_Exercise requirements_
Look through the data below and output, unchanged, every line from the one holding "Декоративная тарелка Лодки на Сене" through the one holding "Benjara Riac Set", inclusive. Skip the pictures.

_Information shown_

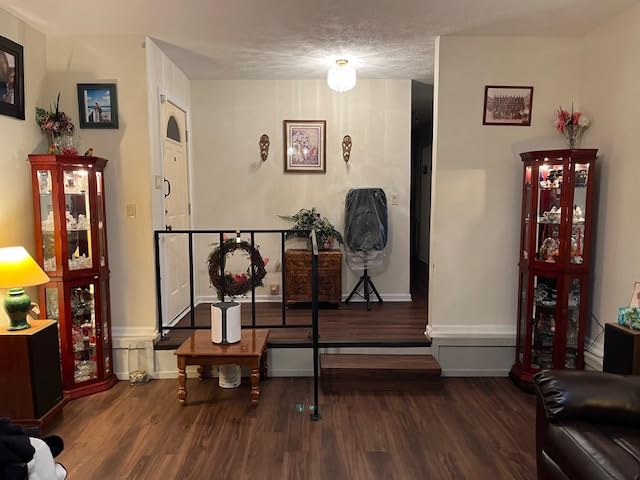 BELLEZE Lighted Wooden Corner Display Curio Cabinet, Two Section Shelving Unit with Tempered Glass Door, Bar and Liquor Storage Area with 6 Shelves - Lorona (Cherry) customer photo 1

...

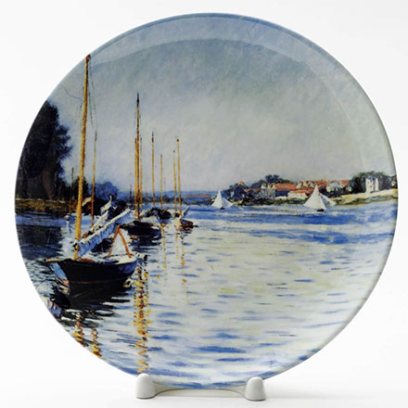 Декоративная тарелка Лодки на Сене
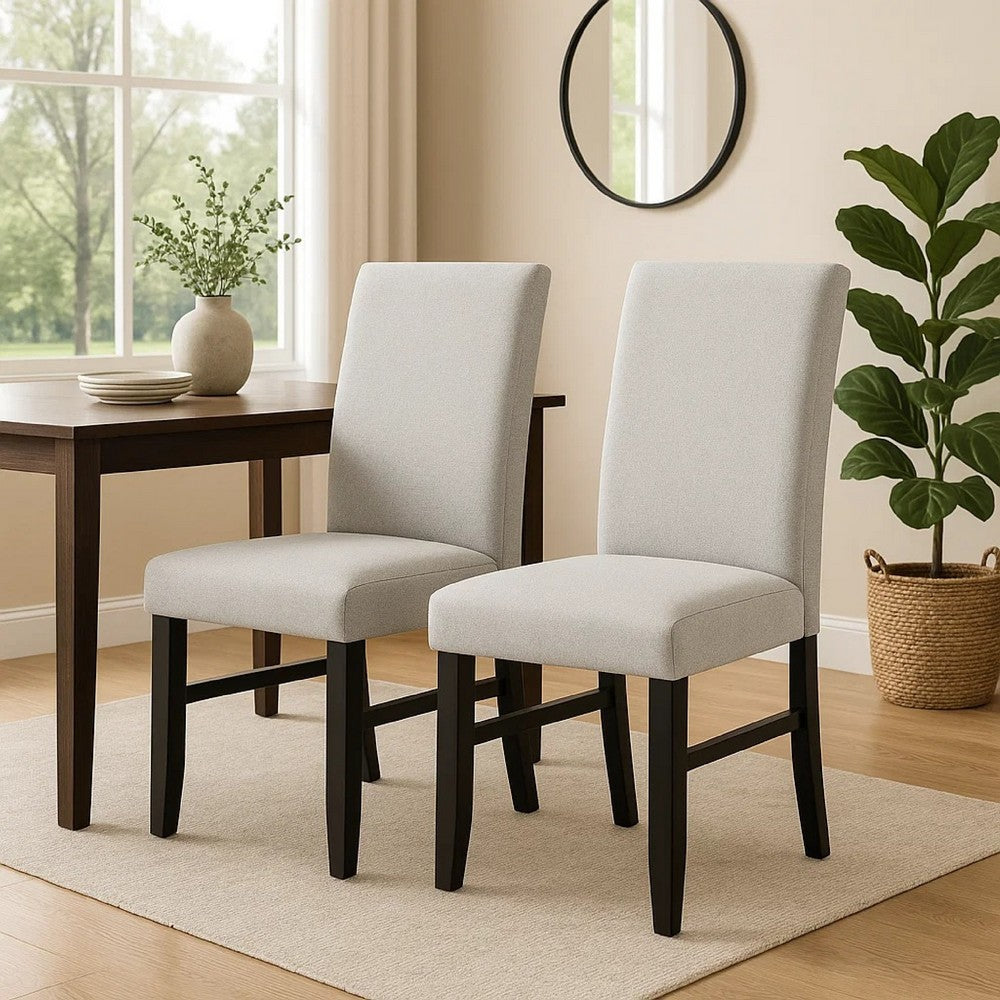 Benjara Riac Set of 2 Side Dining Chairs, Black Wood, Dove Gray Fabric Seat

_Expected answer_
 Декоративная тарелка Лодки на Сене
 Benjara Riac Set of 2 Side Dining Chairs, Black Wood, Dove Gray Fabric Seat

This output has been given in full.